Within the material below, transcribe exactly the lines from the one holding "Rượu Vang Đỏ" through the one holding "adaptador velocidad Windows PowerShell..", keeping both ends and skipping the rest.

| DATA PROVIDED |
══════

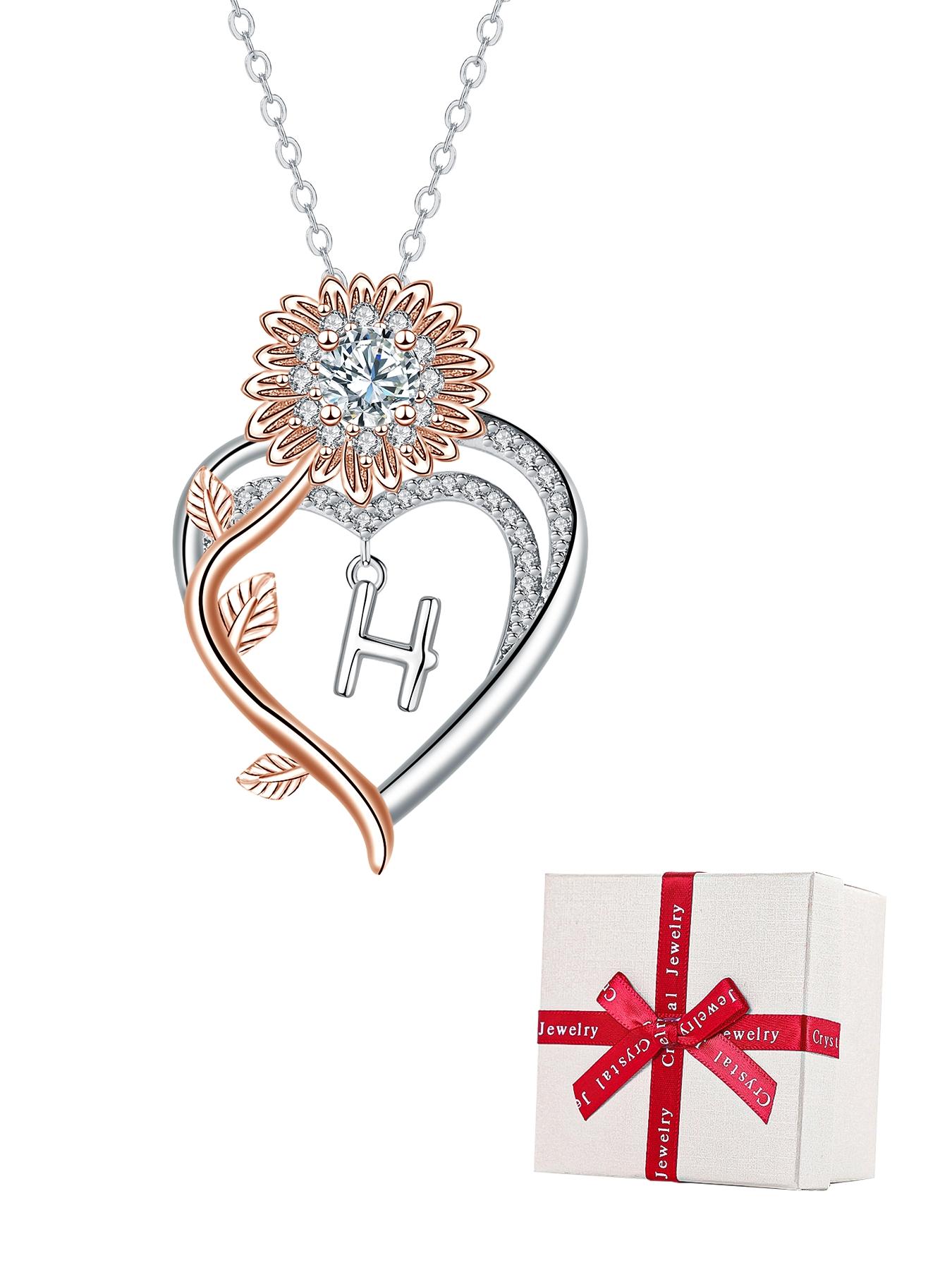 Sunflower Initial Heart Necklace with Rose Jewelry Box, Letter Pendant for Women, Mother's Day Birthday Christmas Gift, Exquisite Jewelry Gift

══════

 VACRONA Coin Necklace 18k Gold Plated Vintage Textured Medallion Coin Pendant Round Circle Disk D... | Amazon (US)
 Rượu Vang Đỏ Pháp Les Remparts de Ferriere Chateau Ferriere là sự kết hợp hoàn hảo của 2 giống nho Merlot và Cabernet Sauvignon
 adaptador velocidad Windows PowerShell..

══════

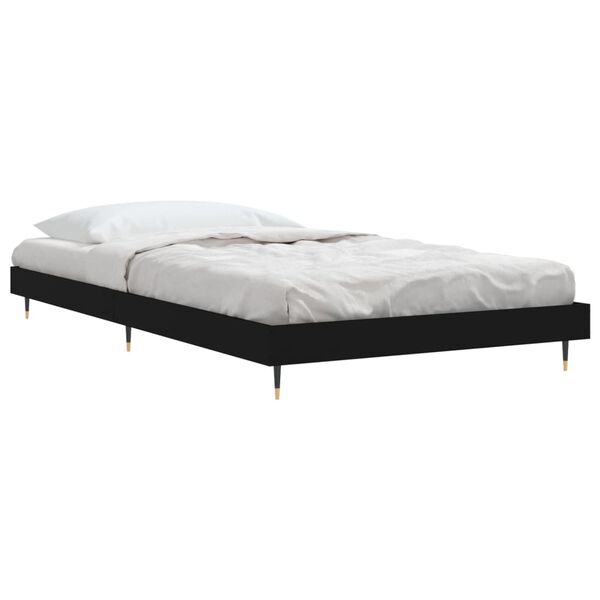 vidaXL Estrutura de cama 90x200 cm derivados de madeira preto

══════

| ANSWER SECTION |
 Rượu Vang Đỏ Pháp Les Remparts de Ferriere Chateau Ferriere là sự kết hợp hoàn hảo của 2 giống nho Merlot và Cabernet Sauvignon
 adaptador velocidad Windows PowerShell..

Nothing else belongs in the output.